Anche gli altri elementi di contorno non sono calibrati così bene. Prendiamo ad esempio il crafting ed il sistema di reputazione. Durante i vari viaggi è possibile recuperare oggetti di importanza storico/archeologica da vendere poi ad una delle diverse fazioni del gioco per sbloccare i loro negozi. Se si abusa bene di questo meccanismo ad inizio gioco è possibile avere accesso ad equipaggiamento da endgame praticamente subito. Invece, se si sbaglia nello sfruttare questo sistema, ci si potrebbe ritrovare a fine gioco con nessuna fazione in grado di offrire il meglio del proprio negozio, ritrovandosi azzoppati.
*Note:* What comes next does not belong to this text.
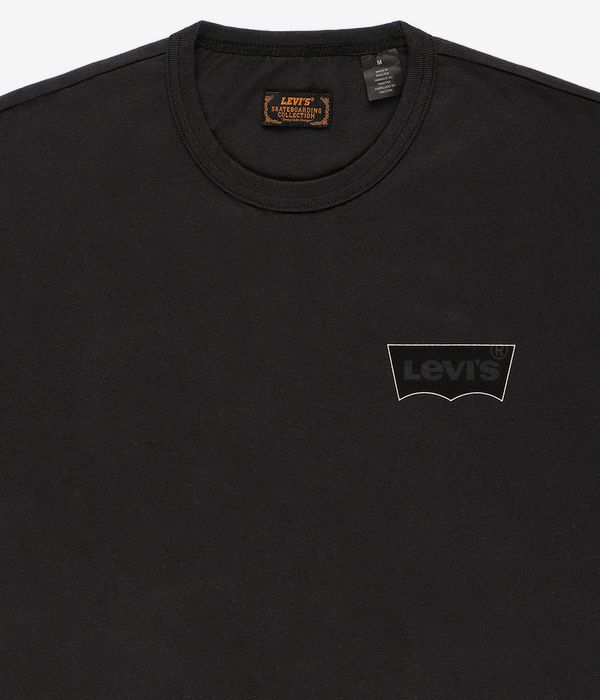 Levi's Skate Graphic T-Shirt (black core batwing black)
Il crafting si innesta in questo sistema, in quanto è troppo dipendente dai drop randomici e da cosa avete a disposizione nei negozi. È un qualcosa di opzionale, ma le armi più uniche ed interessanti si ottengono con questo sistema ed io sono riuscito a costruirne giusto un paio, comunque non ottimali per il mio party. A mio avviso occorre una ricalibrazione dei sistemi.

Solasta: Crown of the Magister include anche un editor di dungeon. Qui potrete cimentarvi nel creare mappe piene di mostri, loot, sfide, puzzle e quant’altro. L’editor è in beta ed è manchevole di diverse possibilità, ma è di sicuro una feature che gli appassionati potrebbero trovare utile per allungare la vita del gioco.
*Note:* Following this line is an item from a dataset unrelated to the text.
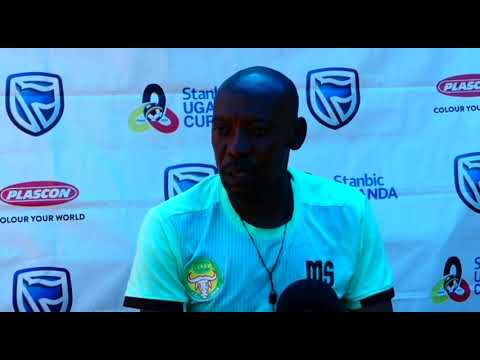 Pre Match Interviews of Police-Bul FC head coaches Lonyesi, Masaba and Kasonko | Stanbic Uganda Cup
C’è del potenziale. Di fallire malissimo.

Come avete potuto notare dagli screenshot, graficamente il gioco non è male, si lascia guardare. Dal punto di vista stilistico non è particolarmente fantasioso ed il numero di animazioni è alquanto limitato, però l’esperienza è piacevole. Le performance tendono a calare drasticamente quanto ci sono molti elementi IA da dover gestire, con framerate intorno ai 40 FPS sul mio processore Xeon 1650. Su un gioco di questa natura non è affatto un problema scendere a tali FPS, quindi non la vedo come una problematica, anche perché non si è mai andati in territori di ingiocabilità. Anche lato audio il gioco si difende bene, con i temi principali ben orchestrati e dalle giuste note, ottimi accompagnatori dei momenti più importanti dell’avventura ma nulla che porterete nei vostri ricordi.

Se dovessimo provare a tirare le somme su Solasta: Crown of the Magister? Io personalmente sono un po’ combattuto. Oggettivamente il gioco ha delle limitazioni. Se la parte di combattimento è ben riuscita, flessibile e calibrata, tutti gli altri elementi al contorno di essa sono sufficienti. Però non sono riuscito a smettere di giocarci. Provavo gusto e piacere nel passare da scontro a scontro, nel pianificare come equipaggiare i miei personaggi, che talenti prendere alla salita dei livelli, quali incantesimi fosse più utili avere preparati e quali meglio in forma di pergamena per uso occasionale. Volevo vedere il dungeon successivo, vedere come si sarebbe evoluta la storia anche con il plot twist predetto dopo 5 minuti. Viaggiare tra le varie location per completare sidequest, per ottenere nuovo loot e per visitare mercanti specifici. Sono stato trascinato dentro con forza e non volevo uscirne.

Pertanto, mi sento di promuoverlo globalmente. Il fascino dei giochi di ruolo isometrici così ispirati a quelli cartacei è in grado di far appassionare e rendere un gioco godibile più della somma delle sue parti. E nel caso ci fosse qualche dubbio nel dare 40€ su un progetto così nuovo, il gioco è disponibile anche su Gamepass.